Furtive Lesbian Glances Are Vital to My Queer Movie Experience
From "Carol" to "Disobedience," forbidden lovers express their desire with surreptitious, lingering looks—and inspire a potent nostalgia for some of us.
Photo courtesy of the Weinstein Company
You know the look: Therese sneaks a surreptitious leer at Carol through her retro camera lens in Carol. Rachel walks down the aisle—about to marry a man—and locks eyes with Luce in Imagine Me & You. Billie Jean King holds Marilyn’s stare across a bisexually-lit bar in Battle of the Sexes, but glances away before an onlooker grows suspicious.

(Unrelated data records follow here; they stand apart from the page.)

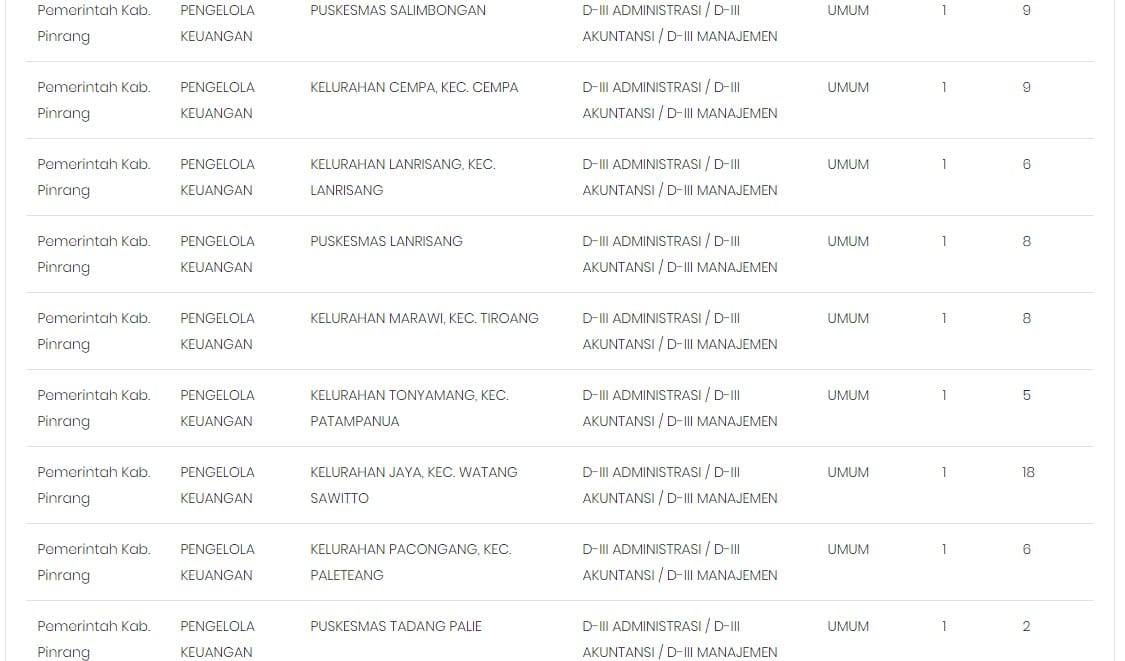 InsanNews | Inspiratif dan Terpercaya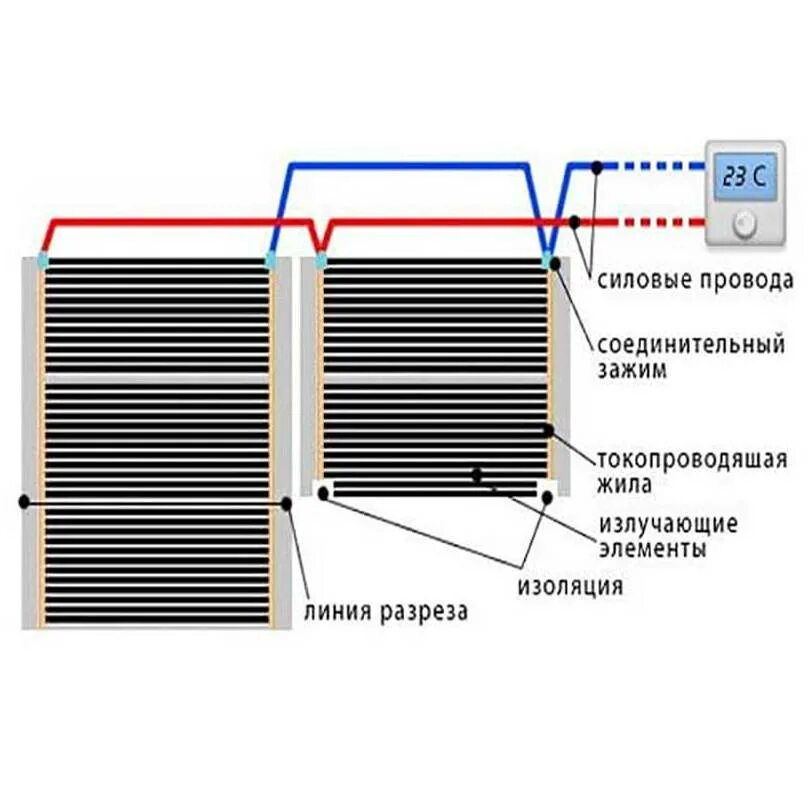 Подключение электричества инфракрасного пола Подключение инфракрасного теплого пола: как подключить, схема, как установить пр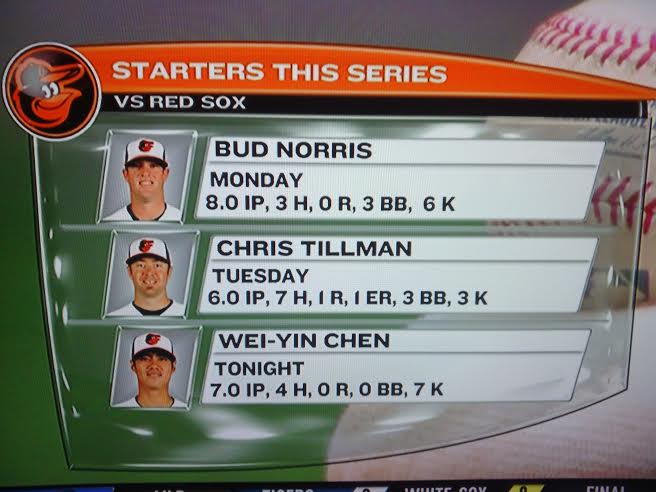 orioles starter stats vs red sox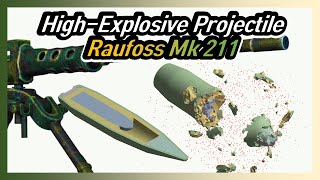 HE ammunition (Raufoss Mk 211) | Armor Penetration Simulation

Movies about queer women are often dramatized, hyperbolic interpretations of what it's like to be a woman who falls for a woman—and they rely heavily on Furtive Lesbian Glances (FLG). Disobedience included. The film stars The Rachels, Rachel McAdams and Rachel Weisz, as two queer women in an English Orthodox Jewish community. There’s Ronit (Weisz), who absconded in her youth, and Esti (McAdams), who’s still practicing. From start to finish, the movie is a dreary rollercoaster of agonizing lesbian desire, but if Disobedience gets anything right, it's the FLG. Why is the FLG so important, even necessary, for lesbian films? Allow me to explain.
I've had my own share of secretive peeps as a gay woman, and suspect most queer people have as well. With the first harbingers of our sexual awakenings—often when we haven't completely come to terms with feeling attracted to the same sex—furtive glances are all we have to communicate our secret desire. As long as homophobia exists, queer people will always feel pressure to suppress our impulses, and unfortunately, women often double down on this sentiment. From the day our bodies show signs of puberty, women are taught to bury sexual desire, while men are encouraged to do the opposite. So, for two queer women trapped in a conservative community—or anywhere, really—an FLG can mean everything.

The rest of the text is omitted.